La primera vez que viajé sola tenía dieciocho años y una maleta repleta de mentiras. Entonces solo pensaba que rellenar un equipaje de 23 kilos con toda una vida era un imposible que jamás estaría a mi alcance. A día de hoy, sigo teniendo la misma sensación, porque nadie se va nunca del todo del que es su hogar; y porque yo, con más años y más desconcierto, entiendo al llegar a mi destino que el problema no son los kilos, sino el mar que se queda atrás por confiar en un futuro incierto.

De la primera vez que viajé en tren no recuerdo nada, pero mi primer recuerdo en tren es en Italia. Fui de Milán a Florencia con 12 años y repetía constantemente lo mucho que me gustaba viajar de ese modo. Ahora también, y sin embargo, le doy más importancia al con quién. Hoy, por ejemplo, me quedan tres horas de trayecto y tengo enfrente a un desconocido. A mi derecha, un campo interminable, una luz gris, y la sombra de un reencuentro.

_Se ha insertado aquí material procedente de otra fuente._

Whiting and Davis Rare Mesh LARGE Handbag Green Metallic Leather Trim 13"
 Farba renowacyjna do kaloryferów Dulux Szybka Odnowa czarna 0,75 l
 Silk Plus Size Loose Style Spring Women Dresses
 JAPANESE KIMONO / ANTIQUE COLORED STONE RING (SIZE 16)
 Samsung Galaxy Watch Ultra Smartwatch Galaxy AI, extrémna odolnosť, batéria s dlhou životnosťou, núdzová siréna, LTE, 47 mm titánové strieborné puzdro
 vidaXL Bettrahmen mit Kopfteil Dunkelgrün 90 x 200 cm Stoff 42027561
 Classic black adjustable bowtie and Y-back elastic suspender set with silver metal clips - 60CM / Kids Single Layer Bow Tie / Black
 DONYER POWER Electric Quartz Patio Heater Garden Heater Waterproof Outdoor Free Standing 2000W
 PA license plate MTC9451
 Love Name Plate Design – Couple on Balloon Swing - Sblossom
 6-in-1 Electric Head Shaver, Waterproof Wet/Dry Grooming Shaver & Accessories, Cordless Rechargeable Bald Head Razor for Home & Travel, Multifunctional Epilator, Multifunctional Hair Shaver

Para mí volver siempre es eso: un acto de valentía encubierto, un miedo indescriptible que se desplaza como si los temores desaparecieran a trescientos kilómetros por hora. Regresar a un lugar en el que alguien fue feliz es como decirse a uno mismo que la existencia no se repite y, en consecuencia, tampoco la felicidad. Volver es como mirar una fotografía antigua y darse cuenta de que todos los de la imagen son una mezcla de almas irreconocibles y cuerpos corrompidos por el tiempo.

El retorno a una ciudad es igual de extraño que aquel que se hace con las personas. Cuando te hablan de ella disimulas y sonríes; preguntas qué tal le va como si te importara, como si no te molestara que ahora tú ya no seas casa. Finges que no existe nostalgia, que no echas de menos el tiempo, como si este estuviera después de todo lo que fuiste. Y a continuación vuelves para demostrar que sientes casi igual, que todo parece haberse quedado como estaba, pero de una manera distinta; que tu teoría de en qué se había convertido lo que conocías no era más que un abismo, un acantilado directo a la desilusión.

El problema del olvido es que no te pertenece. Que no eres consciente cuando el otro renuncia a tu existencia de manera absoluta, que desconoces su sensación cuando le hablan de ti, que ignoras la razón porque cogiste aquel vuelo para dejar una ciudad en la que todos los domingos ibas a correr frente al mar. El problema del olvido es que se te mete en las entrañas sin avisar y un día, de repente, te miras al espejo intentando dilucidar quién eres y tienes que renunciar a ti mismo porque has obviado a quienes habían formado parte de ti.